Is that REALLY so huffing hard? Apparently to the know-nothing turds who use front-end frameworks in complete ignorance of the most basic principles of HTML and CSS, the answer is yes.

Overall though, it's just another of the many things where until you have AI working like the human mind, I don't think you can make automated tools that just go through a page, find these problems, and fix them properly. The most important tools in this process are learning, logic, reason, and a functioning brain.

Not to mention compassion, which of course is completely lacking in this industry as a whole when it comes to relating to the disabled -- hence the need to get courts and prosecutors involved in making sure the dirtbags who park in handicap spaces and bitch about what an eyesore handicap ramps are have their natural tendencies kicked in the groin.

Title: Re: Resources
Post by: Steven Ventimiglia on 12 Jan 2020, 05:09:52 pm
Also, don't forget Lighthouse.  Chrome isn't my default browser, however, running audits via Lighthouse has its advantages.
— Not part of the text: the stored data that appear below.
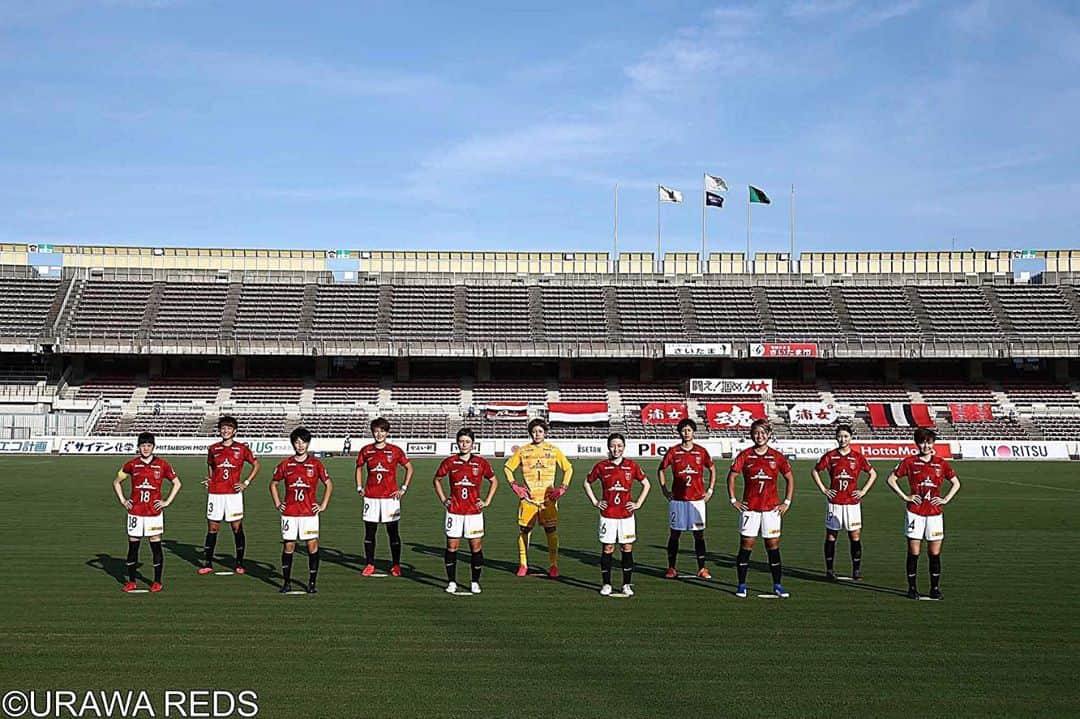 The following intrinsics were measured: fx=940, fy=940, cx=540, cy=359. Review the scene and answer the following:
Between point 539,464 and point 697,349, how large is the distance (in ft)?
141

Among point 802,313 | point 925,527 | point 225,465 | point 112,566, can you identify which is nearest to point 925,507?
point 925,527

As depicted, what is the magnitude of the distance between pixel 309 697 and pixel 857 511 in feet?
26.1

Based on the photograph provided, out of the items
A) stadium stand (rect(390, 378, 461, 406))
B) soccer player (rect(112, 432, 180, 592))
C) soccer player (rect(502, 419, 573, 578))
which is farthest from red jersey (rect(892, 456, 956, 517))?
stadium stand (rect(390, 378, 461, 406))

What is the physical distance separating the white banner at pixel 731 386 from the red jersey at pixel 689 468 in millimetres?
42318

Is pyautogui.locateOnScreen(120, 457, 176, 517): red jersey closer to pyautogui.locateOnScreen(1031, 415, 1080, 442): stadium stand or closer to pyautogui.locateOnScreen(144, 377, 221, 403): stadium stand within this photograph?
pyautogui.locateOnScreen(144, 377, 221, 403): stadium stand

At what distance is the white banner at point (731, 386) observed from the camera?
5400 cm

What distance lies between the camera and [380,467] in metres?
12.3

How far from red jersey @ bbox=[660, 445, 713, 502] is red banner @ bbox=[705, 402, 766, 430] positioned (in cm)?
3883

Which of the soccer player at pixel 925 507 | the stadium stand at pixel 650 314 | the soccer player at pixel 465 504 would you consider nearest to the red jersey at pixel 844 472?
the soccer player at pixel 925 507

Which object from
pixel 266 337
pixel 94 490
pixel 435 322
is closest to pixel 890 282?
pixel 435 322

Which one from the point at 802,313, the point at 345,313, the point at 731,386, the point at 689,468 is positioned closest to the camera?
the point at 689,468

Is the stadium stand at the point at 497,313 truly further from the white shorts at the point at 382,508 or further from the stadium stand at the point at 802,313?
the white shorts at the point at 382,508

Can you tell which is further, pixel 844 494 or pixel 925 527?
pixel 844 494

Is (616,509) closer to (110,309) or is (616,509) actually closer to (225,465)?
(225,465) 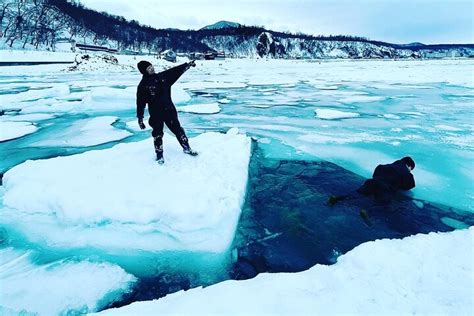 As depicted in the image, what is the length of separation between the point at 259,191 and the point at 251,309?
217cm

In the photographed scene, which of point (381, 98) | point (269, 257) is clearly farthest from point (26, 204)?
point (381, 98)

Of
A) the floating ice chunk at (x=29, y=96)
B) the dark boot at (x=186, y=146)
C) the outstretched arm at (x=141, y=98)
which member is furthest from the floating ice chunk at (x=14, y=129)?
the dark boot at (x=186, y=146)

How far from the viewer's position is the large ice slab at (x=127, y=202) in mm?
2715

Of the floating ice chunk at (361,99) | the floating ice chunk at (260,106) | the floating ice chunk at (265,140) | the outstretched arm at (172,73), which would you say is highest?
the outstretched arm at (172,73)

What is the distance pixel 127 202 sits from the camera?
297 cm

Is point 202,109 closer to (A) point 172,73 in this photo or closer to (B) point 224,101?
(B) point 224,101

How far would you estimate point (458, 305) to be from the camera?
1684mm

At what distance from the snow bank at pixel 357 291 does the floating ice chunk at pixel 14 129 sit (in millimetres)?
6007

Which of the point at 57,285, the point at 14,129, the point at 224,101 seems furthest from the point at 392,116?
the point at 14,129

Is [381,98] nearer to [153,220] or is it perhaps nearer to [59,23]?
[153,220]

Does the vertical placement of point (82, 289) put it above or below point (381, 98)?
below

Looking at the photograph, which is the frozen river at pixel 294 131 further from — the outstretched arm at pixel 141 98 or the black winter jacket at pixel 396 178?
the outstretched arm at pixel 141 98

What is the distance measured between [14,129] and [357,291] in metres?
7.40

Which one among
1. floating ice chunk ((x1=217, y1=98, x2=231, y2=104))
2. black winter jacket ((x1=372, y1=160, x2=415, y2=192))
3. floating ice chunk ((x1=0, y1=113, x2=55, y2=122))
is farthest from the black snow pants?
floating ice chunk ((x1=217, y1=98, x2=231, y2=104)) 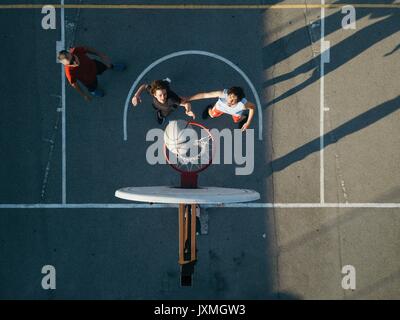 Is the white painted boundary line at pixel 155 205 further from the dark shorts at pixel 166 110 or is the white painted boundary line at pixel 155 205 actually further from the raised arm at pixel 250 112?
the dark shorts at pixel 166 110

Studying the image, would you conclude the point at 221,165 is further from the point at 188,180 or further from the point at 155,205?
the point at 155,205

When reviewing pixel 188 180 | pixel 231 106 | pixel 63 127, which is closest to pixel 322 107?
pixel 231 106

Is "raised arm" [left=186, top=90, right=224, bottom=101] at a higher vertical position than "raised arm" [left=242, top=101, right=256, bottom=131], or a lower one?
higher

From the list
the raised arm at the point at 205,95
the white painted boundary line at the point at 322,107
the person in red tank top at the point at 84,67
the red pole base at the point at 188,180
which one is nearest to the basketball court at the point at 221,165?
the white painted boundary line at the point at 322,107

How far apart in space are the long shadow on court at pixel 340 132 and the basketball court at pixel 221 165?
0.03 meters

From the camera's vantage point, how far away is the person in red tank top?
7689 mm

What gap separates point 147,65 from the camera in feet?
29.8

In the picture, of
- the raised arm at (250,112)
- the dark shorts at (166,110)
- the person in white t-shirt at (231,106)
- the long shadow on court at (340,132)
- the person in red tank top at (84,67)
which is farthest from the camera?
the long shadow on court at (340,132)

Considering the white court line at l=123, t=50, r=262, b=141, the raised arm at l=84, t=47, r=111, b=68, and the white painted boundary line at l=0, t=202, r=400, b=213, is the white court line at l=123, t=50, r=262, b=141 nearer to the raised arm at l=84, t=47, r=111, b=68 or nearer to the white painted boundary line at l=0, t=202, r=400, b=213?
the raised arm at l=84, t=47, r=111, b=68

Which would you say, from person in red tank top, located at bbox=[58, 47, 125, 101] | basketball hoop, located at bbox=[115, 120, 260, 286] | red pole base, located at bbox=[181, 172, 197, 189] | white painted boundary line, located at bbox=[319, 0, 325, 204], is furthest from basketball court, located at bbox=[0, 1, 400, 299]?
red pole base, located at bbox=[181, 172, 197, 189]

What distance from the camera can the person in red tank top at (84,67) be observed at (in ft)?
25.2

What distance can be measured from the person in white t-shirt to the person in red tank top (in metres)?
1.67

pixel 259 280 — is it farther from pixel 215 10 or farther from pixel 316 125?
pixel 215 10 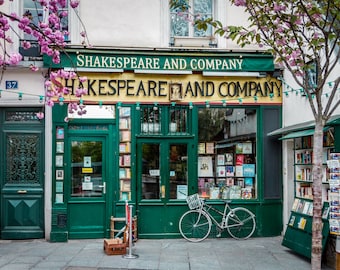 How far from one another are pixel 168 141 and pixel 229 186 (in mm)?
1813

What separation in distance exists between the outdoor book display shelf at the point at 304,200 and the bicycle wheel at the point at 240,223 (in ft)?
4.10

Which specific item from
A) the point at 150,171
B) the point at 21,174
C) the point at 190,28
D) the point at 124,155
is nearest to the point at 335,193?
the point at 150,171

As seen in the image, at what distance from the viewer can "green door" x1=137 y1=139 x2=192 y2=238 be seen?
10.3 m

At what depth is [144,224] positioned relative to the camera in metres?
10.3

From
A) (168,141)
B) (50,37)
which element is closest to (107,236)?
(168,141)

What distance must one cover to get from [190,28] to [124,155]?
3.39 meters

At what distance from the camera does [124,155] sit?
10.4 metres

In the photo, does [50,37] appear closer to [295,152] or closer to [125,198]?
[125,198]

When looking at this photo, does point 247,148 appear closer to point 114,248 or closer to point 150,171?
point 150,171

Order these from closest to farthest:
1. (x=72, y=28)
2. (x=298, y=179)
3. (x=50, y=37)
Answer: (x=50, y=37) → (x=298, y=179) → (x=72, y=28)

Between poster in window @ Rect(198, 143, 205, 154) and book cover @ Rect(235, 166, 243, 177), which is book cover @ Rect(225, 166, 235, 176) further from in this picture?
poster in window @ Rect(198, 143, 205, 154)

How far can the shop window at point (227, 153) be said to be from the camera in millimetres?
10703

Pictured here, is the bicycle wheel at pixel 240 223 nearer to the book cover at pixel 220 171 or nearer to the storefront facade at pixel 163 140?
the storefront facade at pixel 163 140

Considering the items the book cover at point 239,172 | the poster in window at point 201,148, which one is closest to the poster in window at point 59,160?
the poster in window at point 201,148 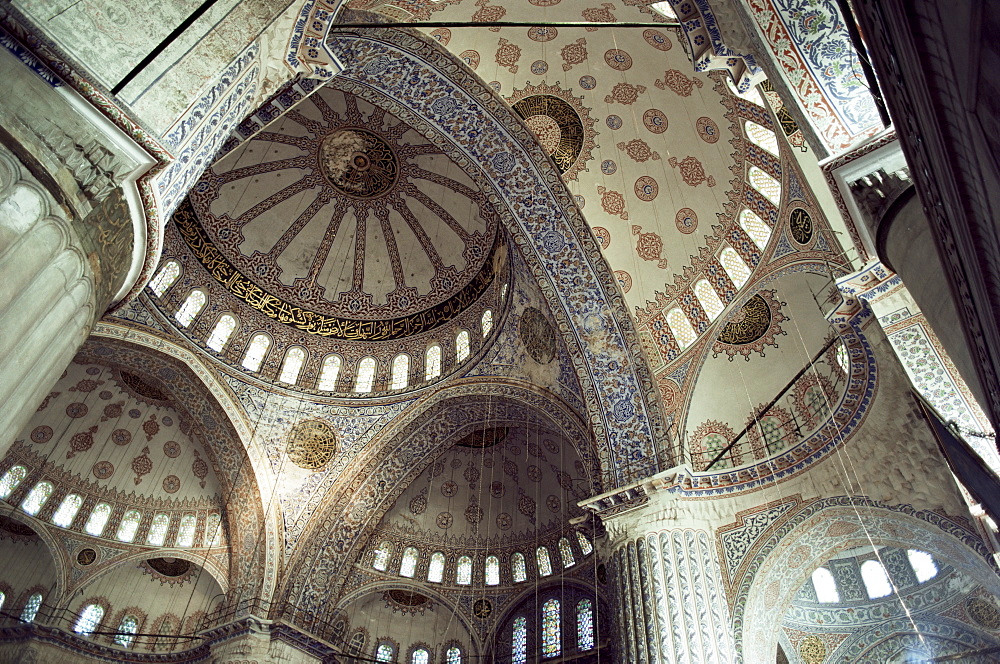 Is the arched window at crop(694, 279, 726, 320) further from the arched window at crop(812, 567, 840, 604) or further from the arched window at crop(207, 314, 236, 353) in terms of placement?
the arched window at crop(207, 314, 236, 353)

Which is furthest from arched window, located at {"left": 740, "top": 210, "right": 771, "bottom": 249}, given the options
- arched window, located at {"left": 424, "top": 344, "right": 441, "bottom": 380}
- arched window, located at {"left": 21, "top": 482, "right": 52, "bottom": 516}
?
arched window, located at {"left": 21, "top": 482, "right": 52, "bottom": 516}

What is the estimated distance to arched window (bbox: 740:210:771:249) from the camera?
8273mm

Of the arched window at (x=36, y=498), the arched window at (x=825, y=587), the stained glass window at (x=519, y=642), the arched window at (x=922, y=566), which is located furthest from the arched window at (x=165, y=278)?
the arched window at (x=922, y=566)

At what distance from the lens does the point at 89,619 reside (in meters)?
13.4

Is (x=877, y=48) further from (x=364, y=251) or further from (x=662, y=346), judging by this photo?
(x=364, y=251)

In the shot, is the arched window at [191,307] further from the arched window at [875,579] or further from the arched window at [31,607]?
the arched window at [875,579]

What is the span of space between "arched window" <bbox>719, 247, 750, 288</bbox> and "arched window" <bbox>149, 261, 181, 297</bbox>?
32.5ft

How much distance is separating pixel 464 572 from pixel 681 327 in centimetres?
838

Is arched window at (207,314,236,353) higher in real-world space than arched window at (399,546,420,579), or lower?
higher

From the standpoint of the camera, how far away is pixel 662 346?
926 centimetres

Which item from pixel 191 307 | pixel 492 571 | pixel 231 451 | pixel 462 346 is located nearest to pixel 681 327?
pixel 462 346

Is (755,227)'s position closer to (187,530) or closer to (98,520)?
(187,530)

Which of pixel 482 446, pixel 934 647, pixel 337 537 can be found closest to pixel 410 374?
pixel 482 446

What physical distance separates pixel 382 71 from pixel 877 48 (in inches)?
280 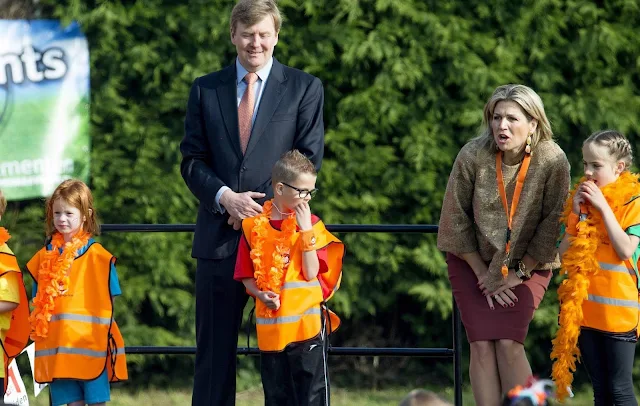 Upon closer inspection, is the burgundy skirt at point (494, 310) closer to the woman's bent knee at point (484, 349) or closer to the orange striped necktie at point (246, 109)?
the woman's bent knee at point (484, 349)

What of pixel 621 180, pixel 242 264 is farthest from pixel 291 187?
pixel 621 180

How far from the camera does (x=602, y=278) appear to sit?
4648mm

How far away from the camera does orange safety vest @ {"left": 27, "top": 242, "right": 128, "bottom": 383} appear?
493 centimetres

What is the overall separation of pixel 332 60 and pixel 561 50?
4.54 feet

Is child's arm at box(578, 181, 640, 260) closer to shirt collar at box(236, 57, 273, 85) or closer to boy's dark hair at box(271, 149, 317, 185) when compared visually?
boy's dark hair at box(271, 149, 317, 185)

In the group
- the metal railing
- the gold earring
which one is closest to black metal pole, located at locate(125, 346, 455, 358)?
the metal railing

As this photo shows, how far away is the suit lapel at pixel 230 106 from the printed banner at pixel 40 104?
8.02 feet

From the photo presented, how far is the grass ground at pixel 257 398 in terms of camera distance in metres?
6.87

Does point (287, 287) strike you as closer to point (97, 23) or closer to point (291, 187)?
point (291, 187)

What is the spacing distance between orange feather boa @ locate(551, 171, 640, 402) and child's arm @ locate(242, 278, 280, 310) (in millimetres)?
1177

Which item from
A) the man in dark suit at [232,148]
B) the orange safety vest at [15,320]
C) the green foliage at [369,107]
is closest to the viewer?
the man in dark suit at [232,148]

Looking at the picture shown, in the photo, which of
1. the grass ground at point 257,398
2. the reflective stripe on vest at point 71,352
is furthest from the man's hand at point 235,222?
the grass ground at point 257,398

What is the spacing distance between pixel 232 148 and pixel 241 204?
0.29m

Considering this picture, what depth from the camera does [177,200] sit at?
22.8 feet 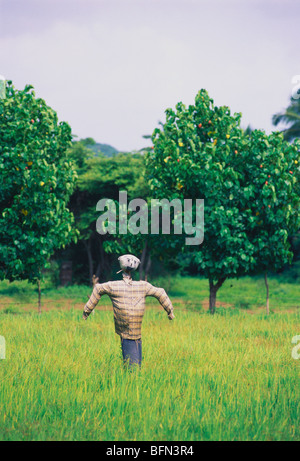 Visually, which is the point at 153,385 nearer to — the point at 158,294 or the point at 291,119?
the point at 158,294

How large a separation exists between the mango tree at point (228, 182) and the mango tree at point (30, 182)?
98.1 inches

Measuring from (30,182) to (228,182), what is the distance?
488cm

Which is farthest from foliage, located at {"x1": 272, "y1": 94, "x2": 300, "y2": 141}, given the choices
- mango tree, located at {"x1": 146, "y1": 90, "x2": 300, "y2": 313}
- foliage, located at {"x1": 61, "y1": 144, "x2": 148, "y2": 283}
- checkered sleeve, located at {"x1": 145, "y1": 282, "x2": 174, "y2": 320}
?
checkered sleeve, located at {"x1": 145, "y1": 282, "x2": 174, "y2": 320}

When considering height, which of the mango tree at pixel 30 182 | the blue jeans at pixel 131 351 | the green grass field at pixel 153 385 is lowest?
the green grass field at pixel 153 385

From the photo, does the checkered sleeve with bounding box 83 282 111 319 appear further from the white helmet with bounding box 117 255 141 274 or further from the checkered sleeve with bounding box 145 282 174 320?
the checkered sleeve with bounding box 145 282 174 320

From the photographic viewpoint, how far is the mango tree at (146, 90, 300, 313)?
1309cm

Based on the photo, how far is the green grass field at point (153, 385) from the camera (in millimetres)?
4875

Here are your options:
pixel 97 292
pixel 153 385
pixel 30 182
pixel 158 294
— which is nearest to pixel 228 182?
pixel 30 182

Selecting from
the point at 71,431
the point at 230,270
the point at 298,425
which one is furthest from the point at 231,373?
the point at 230,270

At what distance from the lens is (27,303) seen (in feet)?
61.3

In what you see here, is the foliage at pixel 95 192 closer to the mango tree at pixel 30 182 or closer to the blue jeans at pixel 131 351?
the mango tree at pixel 30 182

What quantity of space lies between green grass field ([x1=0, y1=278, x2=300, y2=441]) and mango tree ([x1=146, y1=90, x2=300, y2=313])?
315 centimetres

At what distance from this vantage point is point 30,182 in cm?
1245

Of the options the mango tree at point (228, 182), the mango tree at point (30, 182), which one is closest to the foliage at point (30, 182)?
the mango tree at point (30, 182) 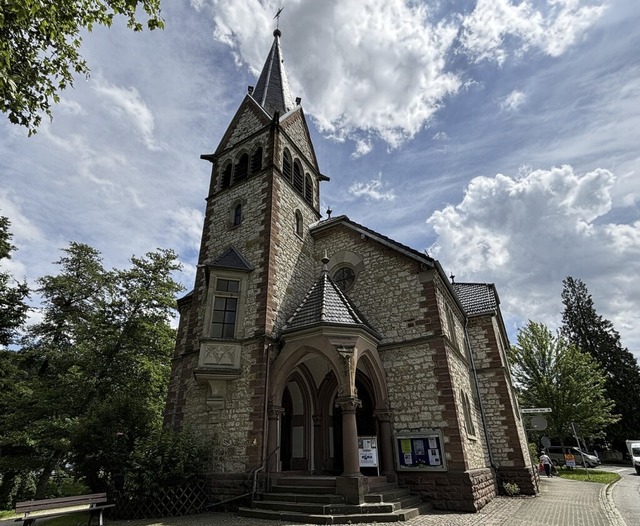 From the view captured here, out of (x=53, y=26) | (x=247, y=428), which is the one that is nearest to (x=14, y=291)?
(x=247, y=428)

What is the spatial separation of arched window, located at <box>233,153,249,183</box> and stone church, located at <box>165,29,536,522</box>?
0.06m

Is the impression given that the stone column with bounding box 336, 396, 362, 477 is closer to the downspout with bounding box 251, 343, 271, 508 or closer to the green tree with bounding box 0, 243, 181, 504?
the downspout with bounding box 251, 343, 271, 508

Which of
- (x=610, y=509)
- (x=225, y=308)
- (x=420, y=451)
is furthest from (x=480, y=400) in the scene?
(x=225, y=308)

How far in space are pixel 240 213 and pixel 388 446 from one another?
1023 cm

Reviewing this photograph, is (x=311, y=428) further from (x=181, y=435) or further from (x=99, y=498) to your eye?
(x=99, y=498)

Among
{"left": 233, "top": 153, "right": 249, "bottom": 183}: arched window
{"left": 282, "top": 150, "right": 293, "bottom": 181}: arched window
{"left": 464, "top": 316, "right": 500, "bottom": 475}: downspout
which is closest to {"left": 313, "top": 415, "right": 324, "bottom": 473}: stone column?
{"left": 464, "top": 316, "right": 500, "bottom": 475}: downspout

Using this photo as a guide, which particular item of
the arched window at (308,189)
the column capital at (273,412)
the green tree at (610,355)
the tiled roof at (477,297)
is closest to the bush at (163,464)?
the column capital at (273,412)

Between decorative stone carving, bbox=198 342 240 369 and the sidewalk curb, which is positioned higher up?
decorative stone carving, bbox=198 342 240 369

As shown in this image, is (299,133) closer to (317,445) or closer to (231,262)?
(231,262)

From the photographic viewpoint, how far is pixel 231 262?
13.1 m

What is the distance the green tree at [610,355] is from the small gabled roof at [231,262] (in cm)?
3666

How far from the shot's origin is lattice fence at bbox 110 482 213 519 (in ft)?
31.1

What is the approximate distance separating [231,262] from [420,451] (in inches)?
338

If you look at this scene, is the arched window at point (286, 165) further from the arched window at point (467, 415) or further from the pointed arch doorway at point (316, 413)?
the arched window at point (467, 415) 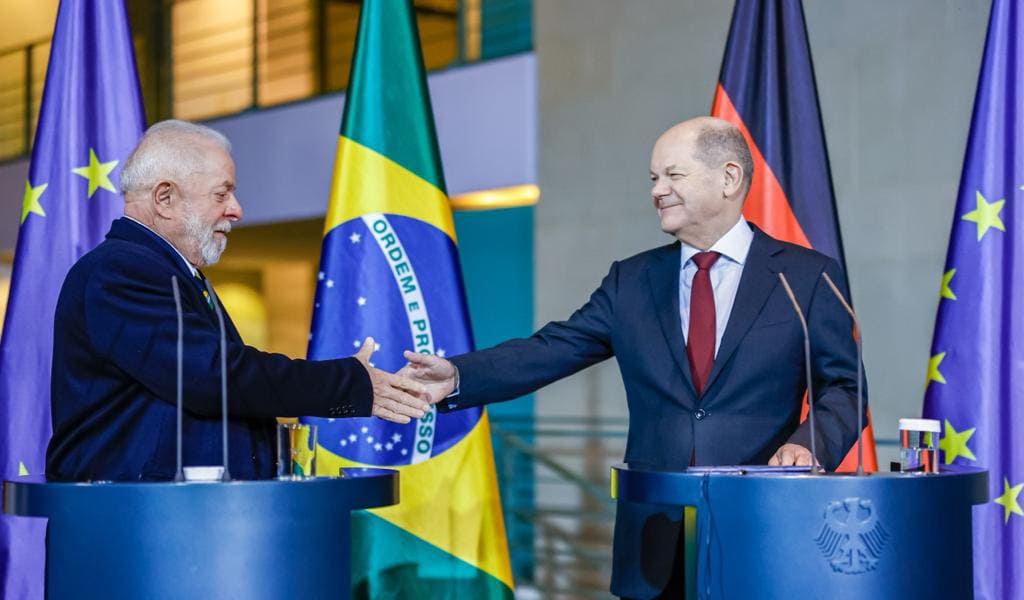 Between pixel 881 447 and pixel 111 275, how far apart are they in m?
3.37

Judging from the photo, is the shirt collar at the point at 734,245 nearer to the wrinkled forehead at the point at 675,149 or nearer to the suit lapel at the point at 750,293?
the suit lapel at the point at 750,293

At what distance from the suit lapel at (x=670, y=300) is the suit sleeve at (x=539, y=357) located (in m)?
0.13

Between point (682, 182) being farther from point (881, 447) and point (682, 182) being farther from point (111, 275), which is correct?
point (881, 447)

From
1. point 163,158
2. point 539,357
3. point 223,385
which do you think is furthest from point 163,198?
point 539,357

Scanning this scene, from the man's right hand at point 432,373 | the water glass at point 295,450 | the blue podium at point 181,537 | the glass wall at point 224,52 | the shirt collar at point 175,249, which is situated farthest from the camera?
the glass wall at point 224,52

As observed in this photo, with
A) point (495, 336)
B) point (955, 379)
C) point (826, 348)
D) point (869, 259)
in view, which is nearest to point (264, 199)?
point (495, 336)

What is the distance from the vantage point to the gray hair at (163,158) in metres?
2.61

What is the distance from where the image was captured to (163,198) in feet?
8.57

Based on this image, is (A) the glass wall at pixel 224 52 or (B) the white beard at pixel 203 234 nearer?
(B) the white beard at pixel 203 234

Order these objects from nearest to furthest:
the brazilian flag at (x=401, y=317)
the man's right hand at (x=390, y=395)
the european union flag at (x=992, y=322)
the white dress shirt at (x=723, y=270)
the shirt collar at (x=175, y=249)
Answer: the shirt collar at (x=175, y=249)
the man's right hand at (x=390, y=395)
the white dress shirt at (x=723, y=270)
the european union flag at (x=992, y=322)
the brazilian flag at (x=401, y=317)

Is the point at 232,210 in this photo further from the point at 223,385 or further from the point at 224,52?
the point at 224,52

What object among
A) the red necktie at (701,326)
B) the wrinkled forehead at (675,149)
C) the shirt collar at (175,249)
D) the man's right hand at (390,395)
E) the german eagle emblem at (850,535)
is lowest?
the german eagle emblem at (850,535)

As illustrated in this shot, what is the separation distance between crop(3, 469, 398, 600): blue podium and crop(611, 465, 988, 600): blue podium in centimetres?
60

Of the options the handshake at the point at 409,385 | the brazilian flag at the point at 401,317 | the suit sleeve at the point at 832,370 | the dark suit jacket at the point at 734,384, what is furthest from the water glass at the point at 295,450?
the brazilian flag at the point at 401,317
If you don't already have Chrome, download it, then:


I've grown to love this tool over the last year, not necessarily to score 100s across the board (although it will help your positioning within the SERPs), but it's a good way of measuring how close you are to achieving important things like Accessibility, etc.

The biggest trick, and something you'll slowly learn over time, is what stays and what goes with Audits.  Much like https://www.caniuse.com (https://www.caniuse.com), it will help with avoiding "early adoption" of trendy shit that won't be a true benefit since it's struggled for cross-browser compatibility for too long and which will most-likely become deprecated in the long-run.